On April 26, 2013, the State Administration for Industry and Commerce (“SAIC“) – one of China’s three antitrust law enforcement bodies – noted on its website that it had held a meeting with certain industry participants to obtain feedback on the latest draft Regulation on the Prohibition of Conduct Eliminating or Restricting Competition through Abuses of Intellectual Property Rights (“Draft IPR Abuse Regulation“).  In a conference at Peking University on April 28, SAIC officials gave additional comments on the draft regulation.

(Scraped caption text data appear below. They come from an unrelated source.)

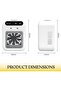 Mini Air Conditioner Fan with Humidifier Mist Cooler, Portable USB Rechargeable Cooling Fan, 2-Speed Personal Air Cooler with 1800mAh Battery for Home Office Dorm Car Travel - 6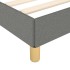 Estructura de cama sin colchón tela gris oscuro 80x200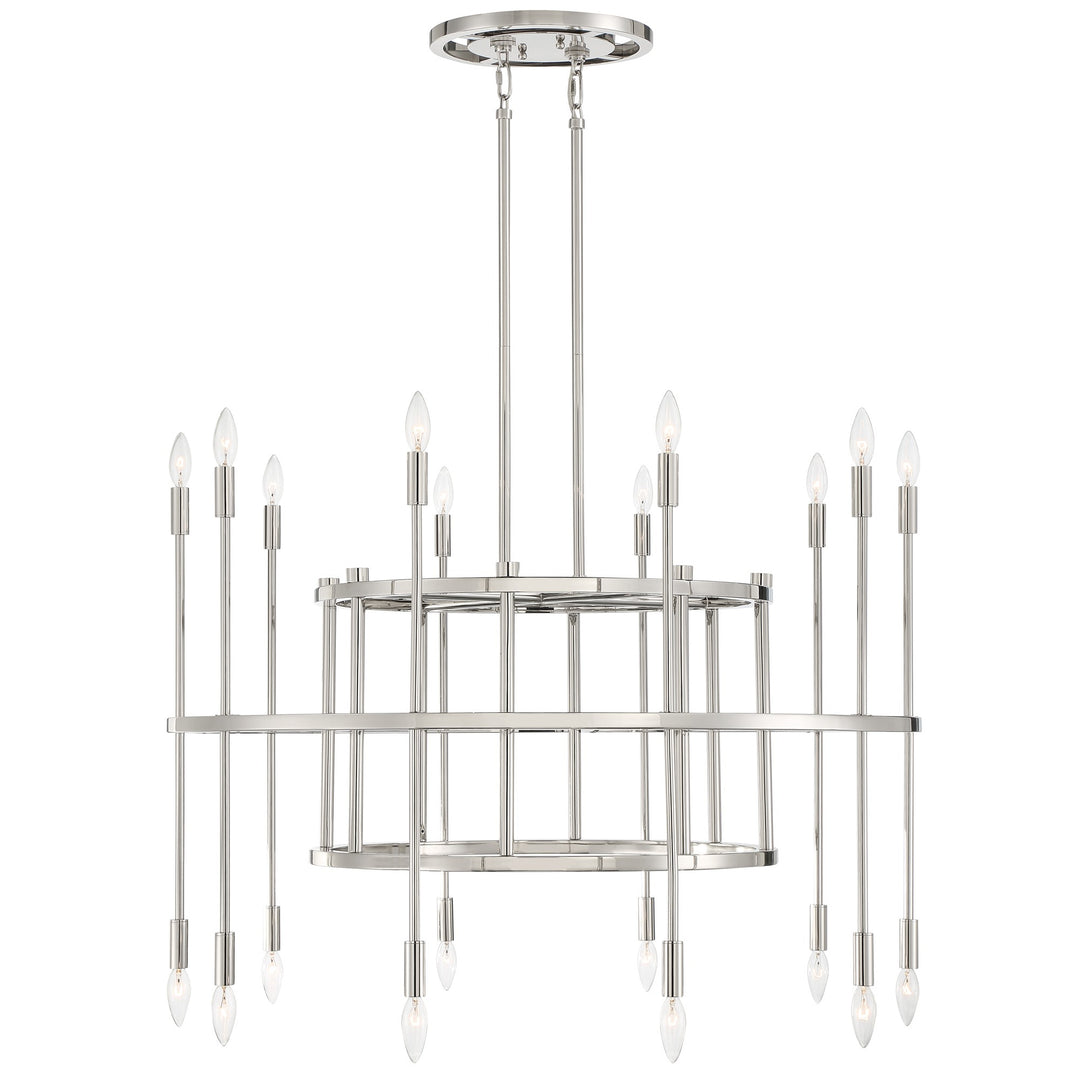 Crystorama Aries 20 Light Polished Nickel Chandelier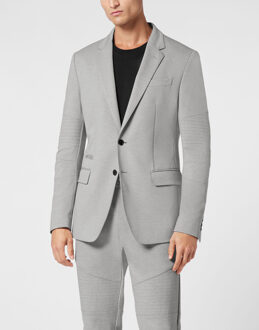 Philipp Plein Blazer Regular Fit Grijs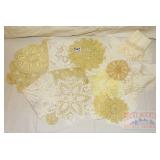 Assorted Vintage Doilies.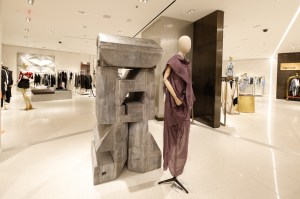 Rick Owens gown and totem.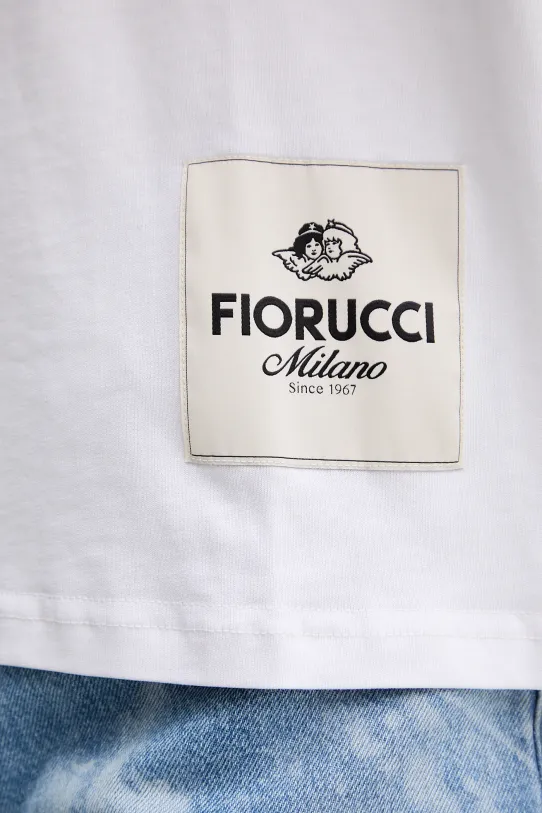 Fiorucci t-shirt in cotone Label Regular Fit T-Shirt U02SPTSH323CJ01WH01 bianco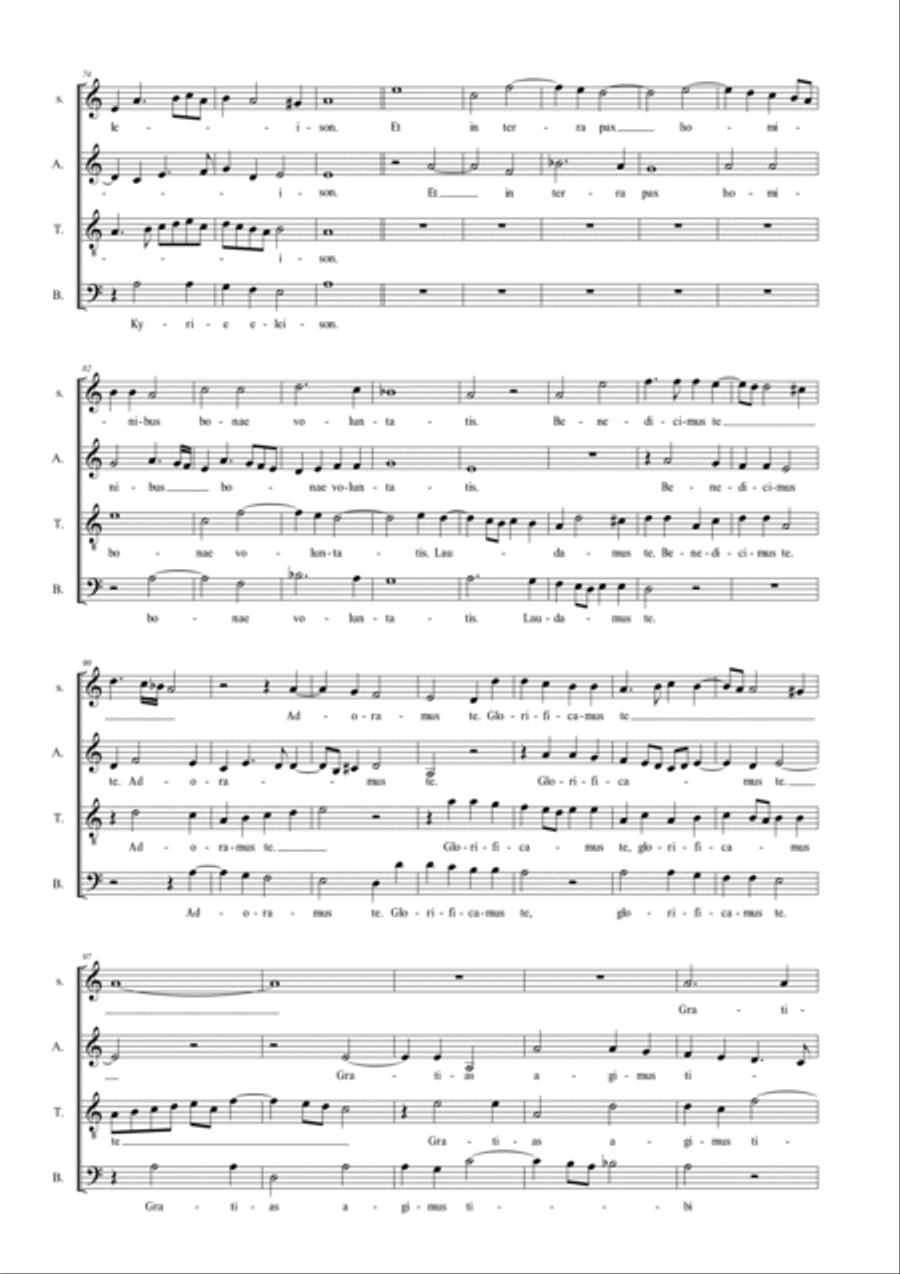 MISSA SPEM IN ALIUM - Palestrina - Score Only A Cappella scores gallery preview page 4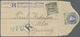 GA Zanzibar - Ganzsachen: 1895 Postal Stationery Registered Envelope 2a. Ultramarine With Blue "Zanziba - Zanzibar (...-1963)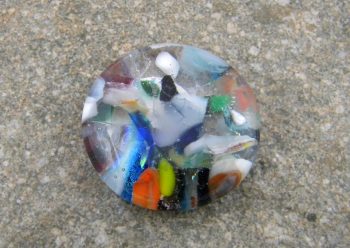 Fused Glass Poker Guard - Kaleidoscope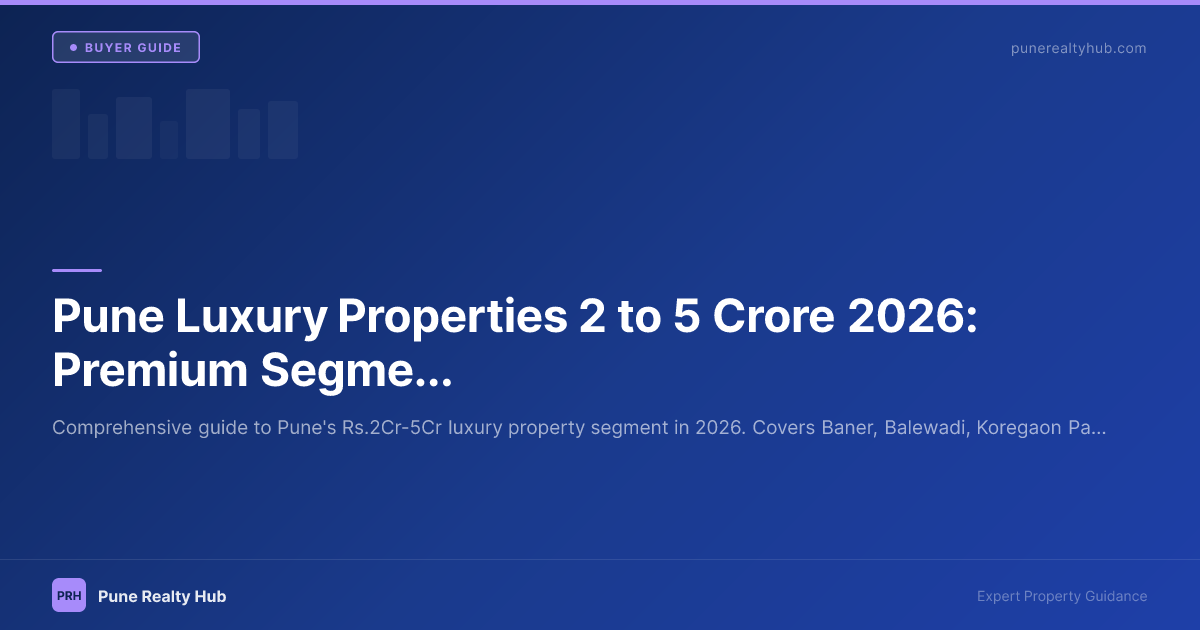 Pune Luxury Properties 2 to 5 Crore 2026: Premium Segment Guide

The request for feedback on the draft regulation is just the latest in a series of developments in relation to antitrust enforcement in the field of intellectual property rights (“IPRs“). It also illustrates the ever-increasing impact of antitrust law on the high technology sector more generally.  In this update, we discuss the development of the Draft IPR Abuse Regulation as well as judgments by the Guangdong High People’s Court in the Qihoo 360 v. Tencent case and by the Shenzhen Intermediate People’s Court in the Huawei v. InterDigital dispute.


The Draft IPR Abuse Regulation


SAIC has been drafting guidance on how the Anti-Monopoly Law (“AML“) should be applied in the IPR context for some time; at least one of the prior drafts was circulated informally for comments. Perhaps the most important change to the latest draft, when compared to the preceding draft, is that SAIC now envisages adopting a regulation (a ‘departmental rule’) as opposed to guidelines. Whilst the guidelines would have applied to IPR-related activities across the board, the scope of the regulation (if enacted) will be confined to SAIC’s regulatory jurisdiction – i.e., anti-competitive agreements between companies and abuses of a dominant market position by a single company which do not directly relate to pricing conduct.  Price-related conduct related to IPR falls under the remit of the National Development and Reform Commission, and is not meant to be directly covered by the Draft IPR Abuse Regulation.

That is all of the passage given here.